A Wanganui real estate agent's appeal against his conviction and sentence for making a threatening phone call to his former employers has been dismissed.
William Charles Hume, 53, was convicted and fined $750 after being found guilty earlier this year on one count of threatening to injure a complainant, knowing his conduct was likely to intimidate.
The charge related to a brief call Hume made on July 27, 2011, to his former workplace, the Wanganui franchise of Remax Real Estate.
The call was answered by the agency's co-owner, Jean Palmer-Holmes, who complained that Hume said: "I'm coming to get ya.
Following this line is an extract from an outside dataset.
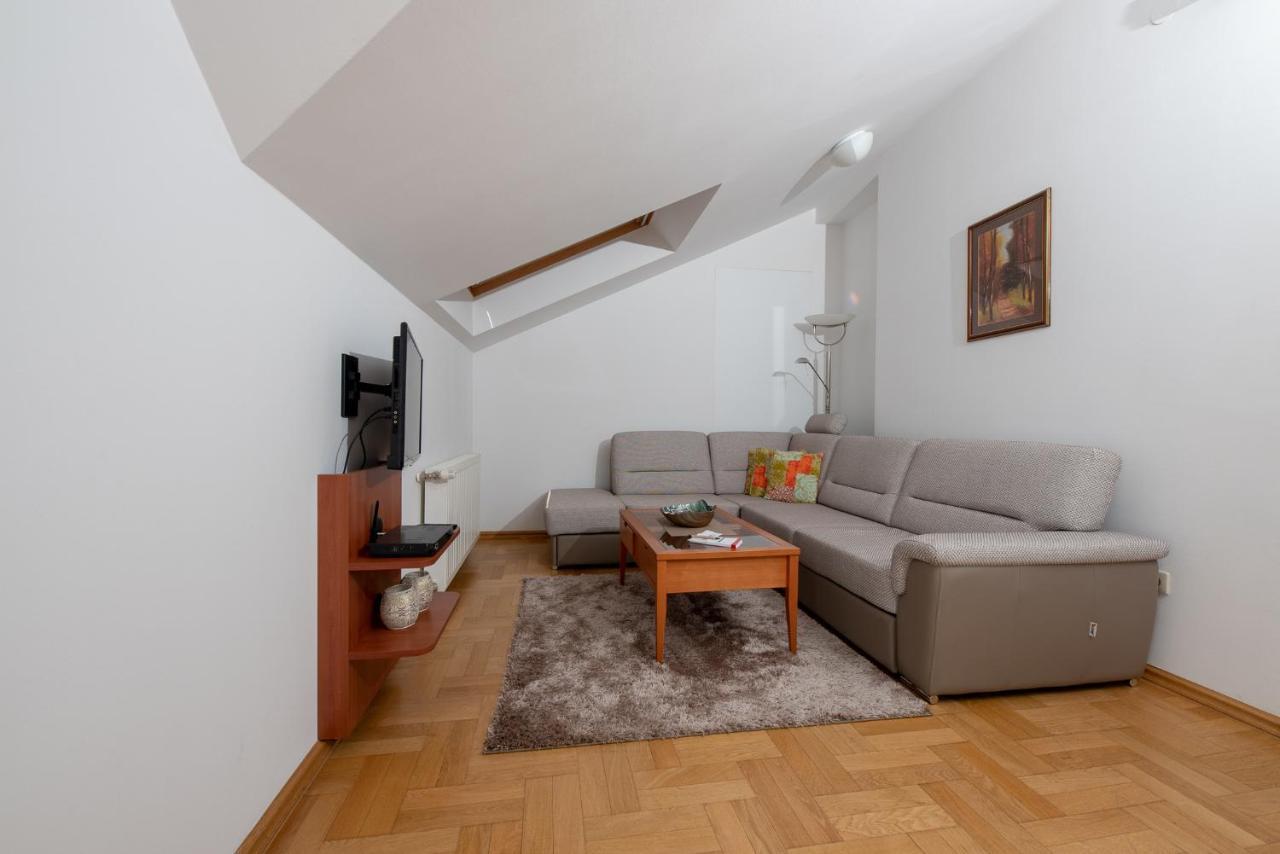 Apartmani Spoljar Zupanja Exterior foto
Pay me, ya bastards, I'm going to kill ya both."
But during an appeal hearing before Justice Robert Dobson in the High Court at Wanganui on Monday, Hume's lawyer Stephen Ross asked the court to consider whether Ms Palmer-Holmes misinterpreted or misheard Hume, given his strong Scottish accent.
Hume suggested he had simply asked to speak to someone else in the office, his girlfriend.
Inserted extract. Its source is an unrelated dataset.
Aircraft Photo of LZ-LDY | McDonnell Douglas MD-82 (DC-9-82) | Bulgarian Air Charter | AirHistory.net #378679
At the time the call was made, Hume was involved in a dispute with his former employers Ms Palmer-Holmes and her partner Dale Vanderhoof.
He believed they owed him $30,000 in commission earned while working at their agency.
Mr Ross said that during Hume's defended hearing in April, no weight was given to any potential motive for Ms Palmer-Holmes to make a false claim.
A conviction could threaten Hume's career by affecting his ability to hold a Real Estate Agents Authority licence and bring into question his credibility during proceedings to recover the money he believed he was owed.
Further submissions were made regarding the analysis of evidence provided by a witness to the phone call at Hume's defended hearing.
Mr Ross suggested that evidence had not established whether the witness, Remax employee Steven Price, observed the entire incident, even though it was considered he had seen the whole episode and his evidence was viewed as reliable on that basis.
Mr Price had described the phone ringing, Ms Palmer-Holmes answering it and seeing her reaction of great distress to the short call.
Justice Dobson said he would consider the hearing's transcript before making a decision, which he released yesterday.
His judgment rejected the criticism of Mr Price's evidence.
Justice Dobson said it was garnered in the context of a relatively small office and a reliance on it was justified.
He said Judge Dugald Matheson, who presided over the defended hearing, had acknowledged Hume's concern regarding the motive behind Ms Palmer-Holmes' complaint "but did not treat it as a factor requiring him to disbelieve the complainant when, on the totality of the evidence, he was satisfied that her version was made out".